» Task goal
Exactly as they appear below, repeat the lines from the one with "Cama King tapizada" through the one with "Embracing House di", and no others.

» Dataset records

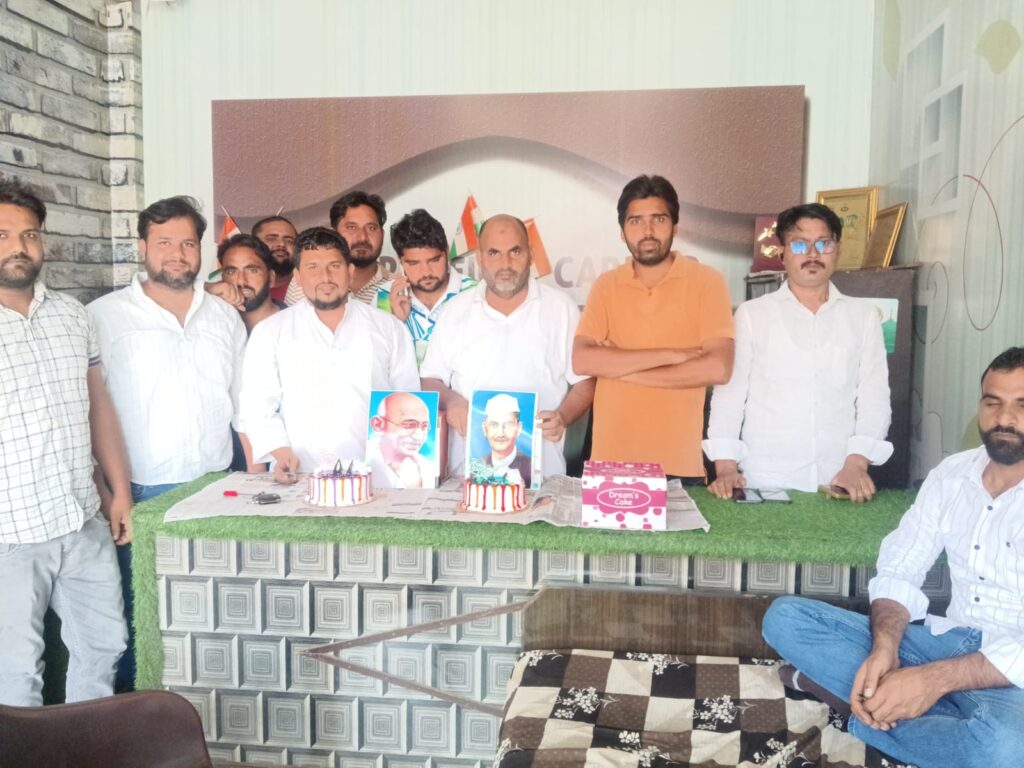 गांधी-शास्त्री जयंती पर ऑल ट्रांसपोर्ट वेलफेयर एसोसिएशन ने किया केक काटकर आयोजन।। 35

--

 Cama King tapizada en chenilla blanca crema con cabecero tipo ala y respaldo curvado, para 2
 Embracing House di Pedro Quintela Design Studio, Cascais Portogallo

» Expected output
 Cama King tapizada en chenilla blanca crema con cabecero tipo ala y respaldo curvado, para 2
 Embracing House di Pedro Quintela Design Studio, Cascais Portogallo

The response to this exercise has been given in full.